According to the 2016 Canadian census, 63,955 people voluntarily declared their ethnicity as "Turkish". However, in 2018, the Canadian Ambassador Chris Cooter said that there was approximately 100,000 Turkish Canadians living in the country, as well as several thousand Turkish students:

We have a growing Turkish diaspora and they're doing very well in Canada. We think it's 100,000, largely in Toronto. We have several thousand Turkish students in Canada as well. We are trying to make sure that two-way relationship is growing. – Canadian Ambassador Chris Cooter (2018)

The "Federation of Canadian Turkish Associations" and the "Federation of Chinese Canadians in Markham" have also reported that there was over 100,000 Turkish Canadians living in the country.

== South America ==

=== Venezuela ===

According to statistics, there are likely around 27,000 people of Turkish ancestry in Venezuela. This refers to people who are either descendants of immigrants who came from the Ottoman Empire before 1923 or who came from the Republic of Turkey since then. Additionally, Turks who immigrated from countries neighboring Turkey are also counted in this figure.

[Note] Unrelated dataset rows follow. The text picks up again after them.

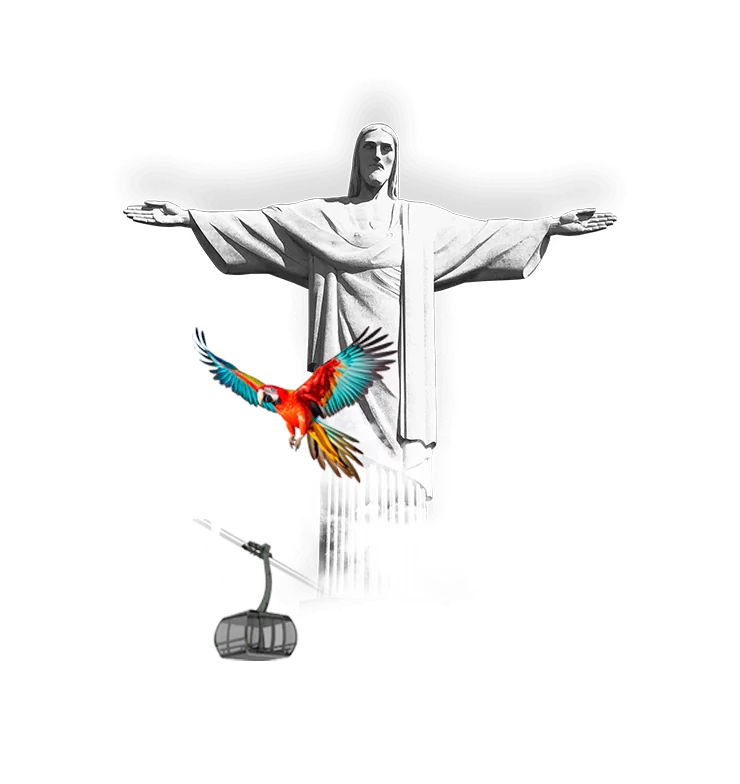 Otimização de Sites Rio de Janeiro, serviço da ciaweb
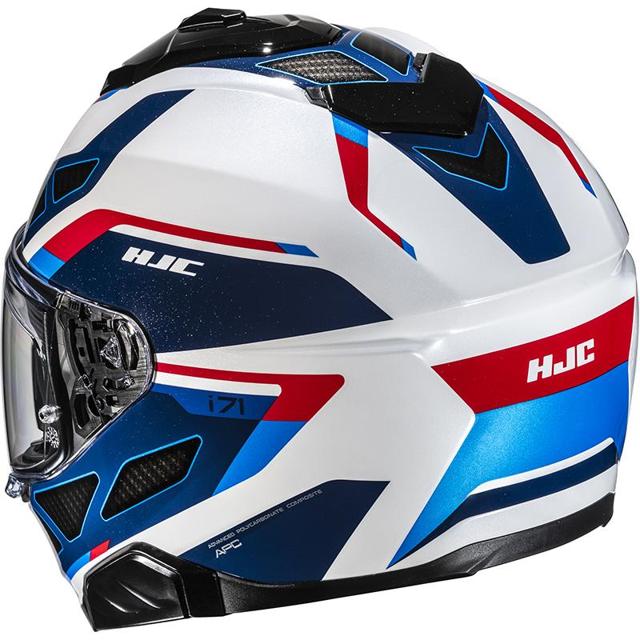 HJC-casque-i71-zest-mc21-image-136620545-cover-2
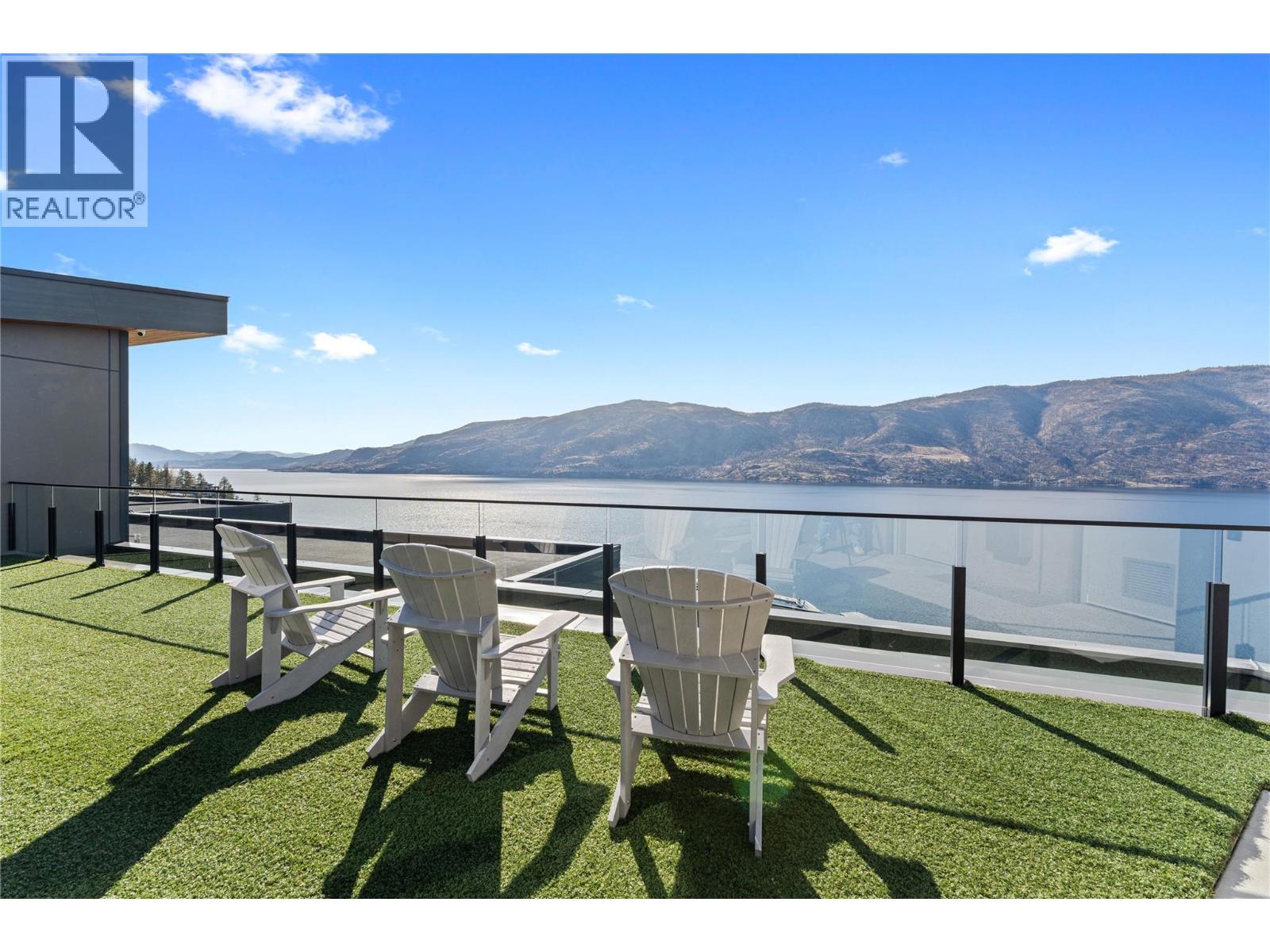 3475 Granite Close Unit# 309, Kelowna, British Columbia  V1V 0B9 - Photo 50 - 10381241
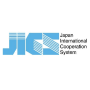 Japan International Cooperation System (JICS)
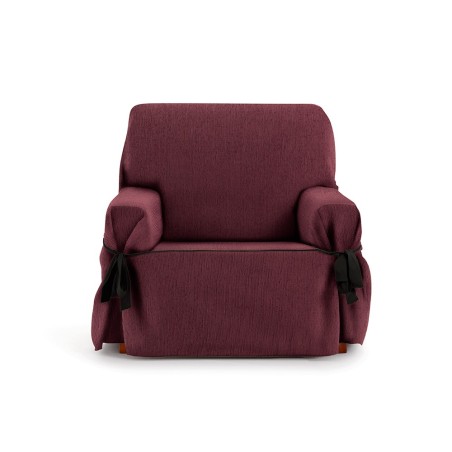 Capa Poltrona Fitas Midway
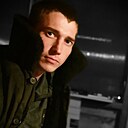 Знакомства: Валерий, 34 года, Курск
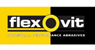 logo_flexovit.jpg logo_flexovit.jpg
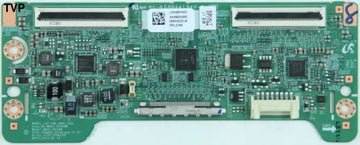 SAMSUNG BN95-00860A T-Con Board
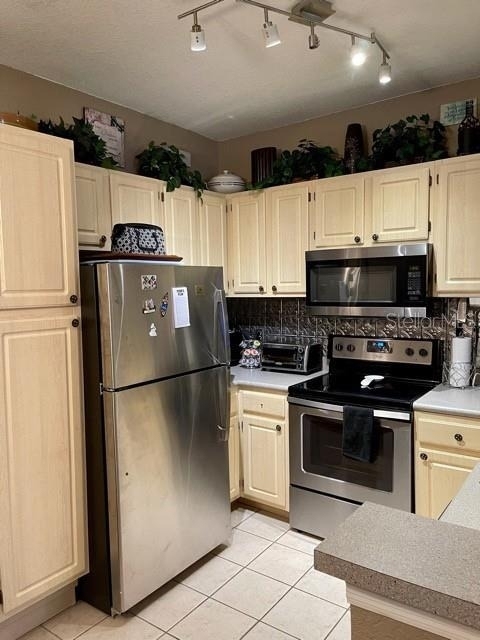 1507 Legacy Club Drive - Photo 6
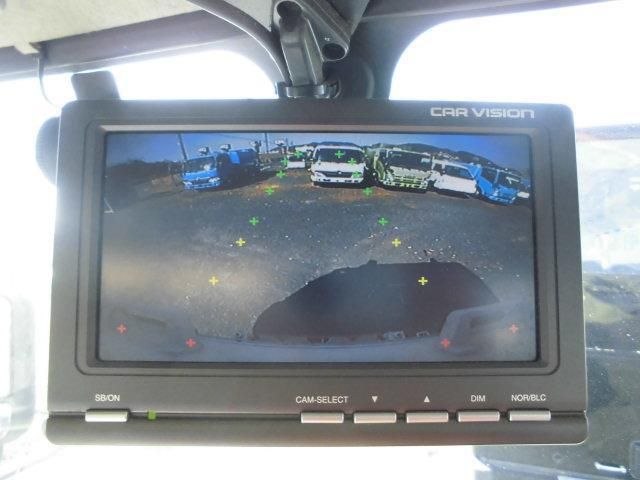 HINO DUTRO 2013 Image 31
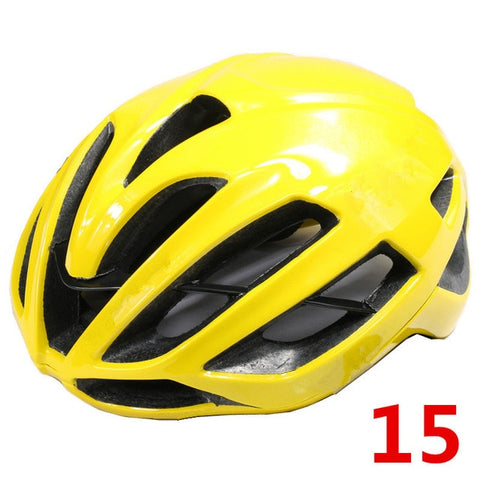 Italy K Bike Helmet Red Road Bicycle Mtb Cycling Helmet Sport cap ciclismo foxe radare mixino lazer cube racing bmx tld D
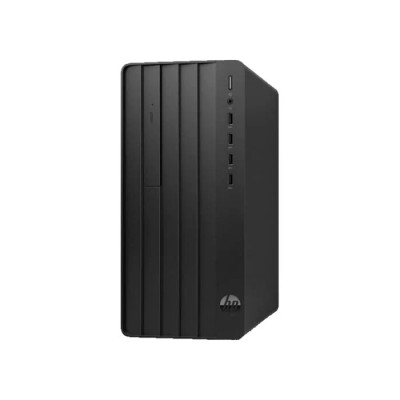 936S8EA - HP i5-13500 16GB DDR4 512GB SSD Desktop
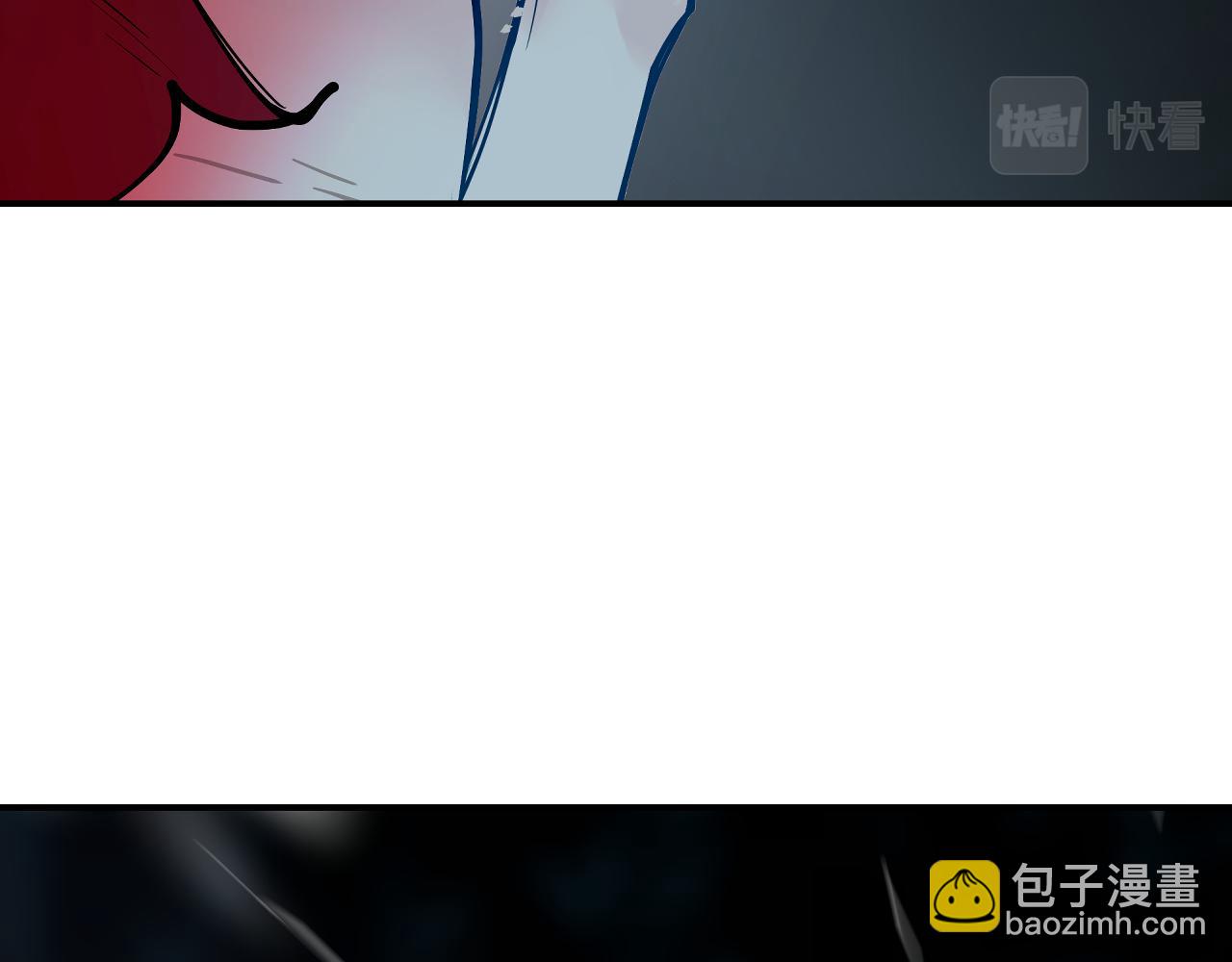 第33话 恩赐你当我的保镖！(1/3)-第35话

It's likely that most of the Turkish Venezuelans trace their ancestry to immigrants from the Ottoman Empire, who arrived to Venezuela at the same time most of the Arab diaspora in South America had emigrated as well.

=== Brazil ===
According to Brazilian statistics, there are 6,200 Turkish-born people living in Brazil as of 2024.

== Oceania ==
=== Australia ===

In 1994 a report by The Age estimated that the Turkish Australian community numbered 150,000. By 2013 Louise Asher, who was a member of the Victorian Legislative Assembly, said that the Turkish Australian community in Melbourne alone had numbered 300,000. More recently, the number of Turkish Australians who originate from Turkey reached 200,000 in 2017; in addition, the Turkish Cypriot-Australian community was estimated to number 120,000 in 2016.

=== New Zealand ===

In 2010 the Turkish-New Zealander population was estimated to number between 2,000 and 3,000; in addition, the Turkish Cypriot-New Zealander population was 1,600 in 2016.

== The Middle East ==
=== United Arab Emirates ===
In 2010, the number of Turkish citizens living in the UAE was around 8000, by 2014 this number had increased to around 10,000 and it increased to 40,000 in 2023. This shows that the Turkish population in the UAE has been steadily rising since the 2010s. In recent years, many Turkish doctors have moved to Dubai and Abu Dhabi.

== Algerian Turks ==

Initially, the first wave of migration occurred in 1830 when many Turks were forced to leave the region once the French took control over Algeria; approximately 10,000 were shipped off to Turkey whilst many others migrated to other regions of the Ottoman Empire, including Palestine, Syria, Arabia, and Egypt. Furthermore, some Turkish/Kouloughli families also settled in Morocco (such as in Tangier and Tétouan).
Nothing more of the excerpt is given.